In the web session, we will first shed a light on the context of accounting for insurance contracts within the IFRS 17 framework. We will present and discuss the general concepts behind the new model and refer to the application of valuation models like the Variable Fee Approach (VFA) and the Premium Allocation Approach (PAA). The web session will proceed with a discussion of topics specific to individual lines of business (highlighting topics still under discussion) and summarize potential approaches and solutions. We will close with an overview of methodical hot topics relevant for technical implementation seen in various European markets, share emerging market views and discuss these with the participants.
Overall, the goal is to enable participants to understand the standard and help transferring the requirements into your specific situation. It is thus intended to prepare participants for model development, implementation, testing, reviewing and consulting with management, accounting and auditors.

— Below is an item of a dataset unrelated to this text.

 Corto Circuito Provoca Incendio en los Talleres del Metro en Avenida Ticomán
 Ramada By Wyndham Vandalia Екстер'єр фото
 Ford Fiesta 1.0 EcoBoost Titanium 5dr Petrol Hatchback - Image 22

Web Session "Macro-Level Actuarial Reserving Models" on 20/21 October 2022
Over time, the understanding of all the assumptions behind the typically used reserving models can have grown a bit stale, and more recent developments might not have percolated all the way to the day-to-day practice. This web session will help the participants to overcome this.
The most widely used deterministic macro-level models, such as the Chain Ladder and the Bornhuetter-Ferguson model, will be discussed in full detail during this web session, but also stochastic macro-level models, such as the OverDispersed Poisson model or ODP model for example, will be covered. This entails a proper freshing up of the underlying assumptions and how the model is estimated, but also checks on determining if the chosen model is appropriate for the data at hand, and under which circumstances one should go for one type of macro-level model or the other.

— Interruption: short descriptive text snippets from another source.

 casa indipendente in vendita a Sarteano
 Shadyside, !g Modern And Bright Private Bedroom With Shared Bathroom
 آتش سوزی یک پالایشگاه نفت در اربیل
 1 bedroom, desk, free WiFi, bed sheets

In this web training a detailed overview is provided of the aforementioned models and during the practical sessions, R code is provided on how to implement most of the discussed topics, hereby rendering the participants completely autonomous after the webinar.

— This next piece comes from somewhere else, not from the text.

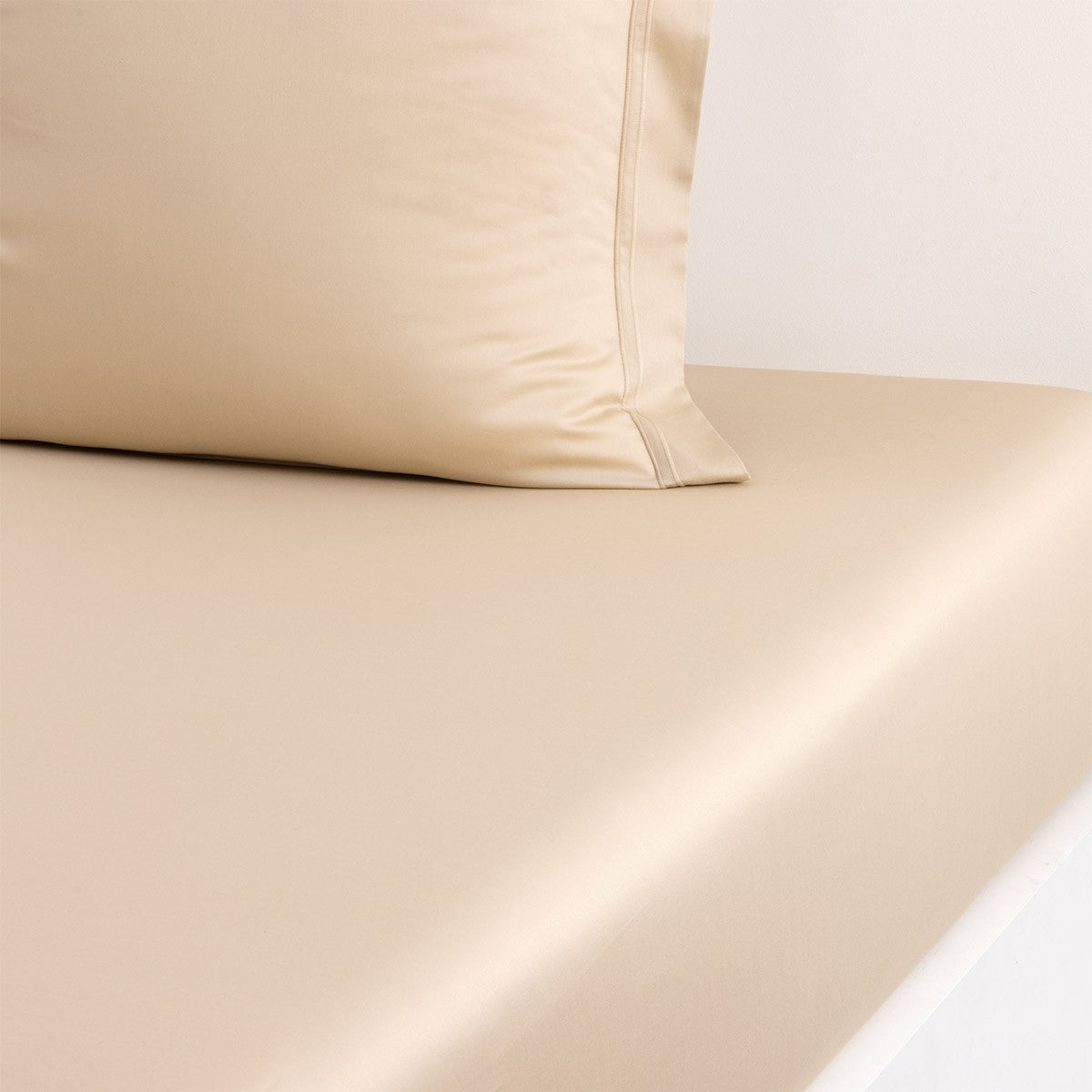 An image of Yves Delorme Triomphe Fitted Sheet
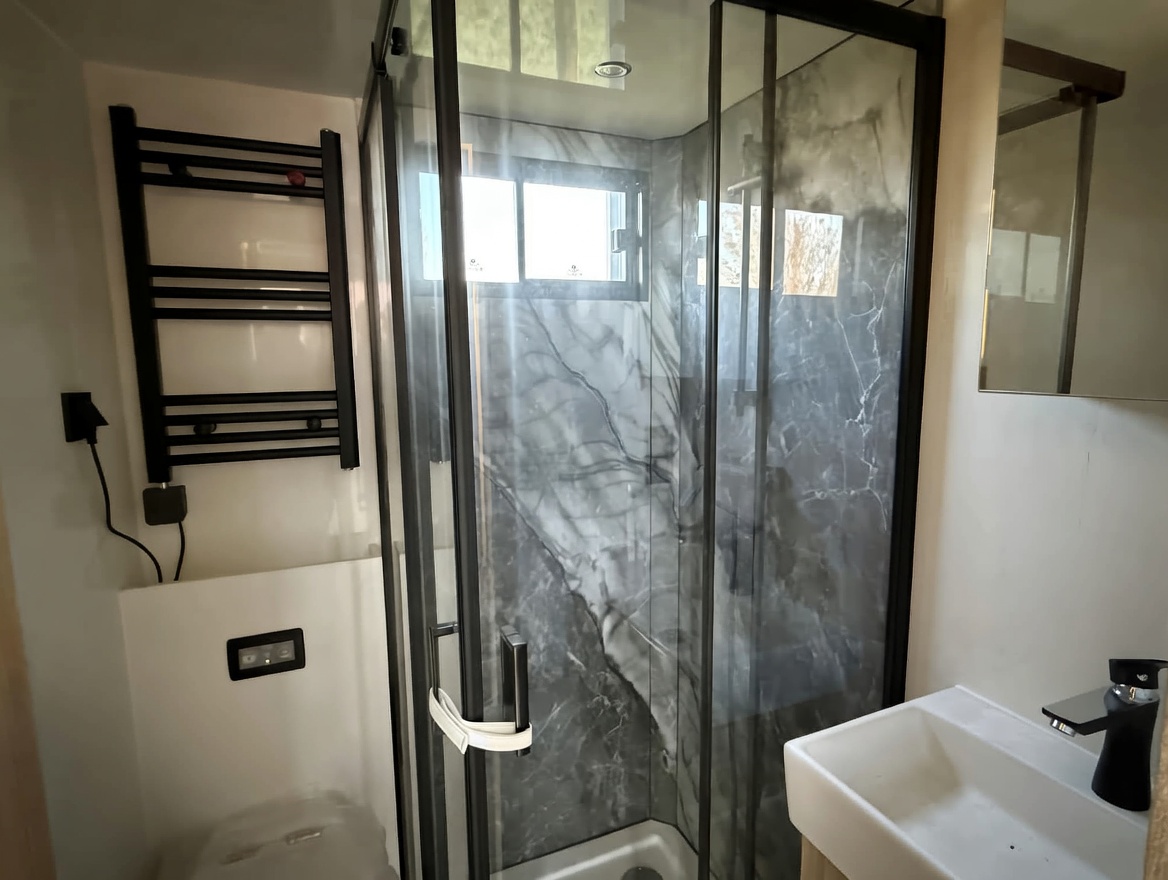 New build LHD Scania S460 Premium Luxury 26-tonne EQ-built horsebox. 6 stall / 6 berth (copy)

During the web session however, even if practical sessions will be organized, the main focus will be on the theory.
Web Session "Deep Learning with a Focus on Text Analysis" on 24/25 November 2022
In computational science, deep learning probably is one of the most heralded techniques of present time and recent history, mainly due to its versatility and impressive achievements likewise. Indeed, applications of deep learning range from beating the (human) world champion of the highly complicated Go game to the promise of deploying self-driving cars in the near future, on a large scale and all over the world.
Deep learning (DL) pertains to the field of artificial intelligence and is great at extracting and mastering the often highly non-linear patterns of a given process, whatever this process might be. The only main requirement is the availability of a large amount of data that describes the behaviour of the process under different conditions and a truckload of computational power. However, since the price of data storage and the effort of sampling data has dropped dramatically over the last years, and since Moore’s law on the increase of computational power does even nowadays not show any signs of a slowdown, fitting deep learning models that are able to produce extremely useful predictions are a reality and this already for some years now.
In other words, the time is high to also deploy this amazing technology in the insurance industry! However, the methodological framework that underlies this amazing technology is somewhat different from the statistical one that we’ve all grown accustomed to (mainly through our general love for GLM models), and the computational horsepower, needed to merely fit these models, is of an order of magnitude higher than the one needed to fit the classical statistical models.